> **Data to examine**
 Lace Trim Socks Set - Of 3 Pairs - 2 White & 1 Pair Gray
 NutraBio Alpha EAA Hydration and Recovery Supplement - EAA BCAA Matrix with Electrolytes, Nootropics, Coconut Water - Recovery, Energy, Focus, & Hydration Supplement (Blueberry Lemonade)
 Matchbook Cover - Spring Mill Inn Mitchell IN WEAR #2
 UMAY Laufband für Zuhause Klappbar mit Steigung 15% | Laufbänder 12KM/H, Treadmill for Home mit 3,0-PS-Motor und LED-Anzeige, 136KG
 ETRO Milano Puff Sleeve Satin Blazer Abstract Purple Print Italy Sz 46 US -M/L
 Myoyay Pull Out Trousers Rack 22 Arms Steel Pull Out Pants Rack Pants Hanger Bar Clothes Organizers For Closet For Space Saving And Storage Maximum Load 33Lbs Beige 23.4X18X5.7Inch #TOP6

> **Task statement**
No line before the one containing "ETRO Milano Puff" should be copied; restate that line and all the rest through the end of the data above word for word.

> **Solved problem**
 ETRO Milano Puff Sleeve Satin Blazer Abstract Purple Print Italy Sz 46 US -M/L
 Myoyay Pull Out Trousers Rack 22 Arms Steel Pull Out Pants Rack Pants Hanger Bar Clothes Organizers For Closet For Space Saving And Storage Maximum Load 33Lbs Beige 23.4X18X5.7Inch #TOP6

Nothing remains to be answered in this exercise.